> **PROMPT**: From the entries below, copy exactly the lines from the one that contains "Explorer Cases Waterproof" through the one that contains "Coin reverse image", both included, and only those.
[SUPPLIED ENTRIES — start]
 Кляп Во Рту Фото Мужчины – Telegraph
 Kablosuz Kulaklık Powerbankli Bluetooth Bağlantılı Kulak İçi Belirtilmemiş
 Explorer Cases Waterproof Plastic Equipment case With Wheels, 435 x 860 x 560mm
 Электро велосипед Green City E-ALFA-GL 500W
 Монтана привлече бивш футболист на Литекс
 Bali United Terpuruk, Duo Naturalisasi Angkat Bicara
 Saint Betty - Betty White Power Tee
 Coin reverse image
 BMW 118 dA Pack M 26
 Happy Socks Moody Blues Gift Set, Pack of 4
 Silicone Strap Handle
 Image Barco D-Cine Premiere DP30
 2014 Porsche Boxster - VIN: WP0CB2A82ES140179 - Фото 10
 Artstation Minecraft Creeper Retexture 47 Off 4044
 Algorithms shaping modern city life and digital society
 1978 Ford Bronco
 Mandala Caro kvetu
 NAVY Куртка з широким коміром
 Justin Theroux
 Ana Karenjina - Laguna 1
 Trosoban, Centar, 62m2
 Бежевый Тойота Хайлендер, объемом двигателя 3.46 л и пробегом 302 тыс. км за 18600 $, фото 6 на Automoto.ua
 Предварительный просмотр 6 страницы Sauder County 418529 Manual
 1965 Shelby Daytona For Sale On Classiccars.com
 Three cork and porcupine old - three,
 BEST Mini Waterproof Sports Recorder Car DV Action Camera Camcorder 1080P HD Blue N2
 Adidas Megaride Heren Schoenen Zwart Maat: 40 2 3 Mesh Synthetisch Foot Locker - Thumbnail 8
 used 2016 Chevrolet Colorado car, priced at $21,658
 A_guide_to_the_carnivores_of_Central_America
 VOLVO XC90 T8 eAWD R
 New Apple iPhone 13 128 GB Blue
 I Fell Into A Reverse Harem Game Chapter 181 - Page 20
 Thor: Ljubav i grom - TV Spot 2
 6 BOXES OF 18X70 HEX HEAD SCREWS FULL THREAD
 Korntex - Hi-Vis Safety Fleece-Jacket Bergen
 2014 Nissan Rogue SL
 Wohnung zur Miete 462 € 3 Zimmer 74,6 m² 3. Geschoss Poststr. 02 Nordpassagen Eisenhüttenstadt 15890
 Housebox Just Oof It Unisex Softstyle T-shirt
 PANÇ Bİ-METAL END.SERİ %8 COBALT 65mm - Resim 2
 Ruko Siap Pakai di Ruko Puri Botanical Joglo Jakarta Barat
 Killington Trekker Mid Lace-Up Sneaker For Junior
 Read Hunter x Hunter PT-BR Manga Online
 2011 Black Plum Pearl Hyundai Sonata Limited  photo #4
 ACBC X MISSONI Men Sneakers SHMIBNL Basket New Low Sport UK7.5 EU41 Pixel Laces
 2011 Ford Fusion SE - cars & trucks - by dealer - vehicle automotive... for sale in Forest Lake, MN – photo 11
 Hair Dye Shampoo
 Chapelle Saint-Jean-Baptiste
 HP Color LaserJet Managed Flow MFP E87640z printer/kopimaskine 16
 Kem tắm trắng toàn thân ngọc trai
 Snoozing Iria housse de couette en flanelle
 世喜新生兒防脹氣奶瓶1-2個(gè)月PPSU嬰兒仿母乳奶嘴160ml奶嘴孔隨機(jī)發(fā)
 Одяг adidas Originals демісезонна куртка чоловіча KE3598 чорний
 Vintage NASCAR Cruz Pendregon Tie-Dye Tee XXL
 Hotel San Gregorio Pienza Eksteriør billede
[SUPPLIED ENTRIES — finish]
> **ANSWER FOR THIS EXERCISE**:
 Explorer Cases Waterproof Plastic Equipment case With Wheels, 435 x 860 x 560mm
 Электро велосипед Green City E-ALFA-GL 500W
 Монтана привлече бивш футболист на Литекс
 Bali United Terpuruk, Duo Naturalisasi Angkat Bicara
 Saint Betty - Betty White Power Tee
 Coin reverse image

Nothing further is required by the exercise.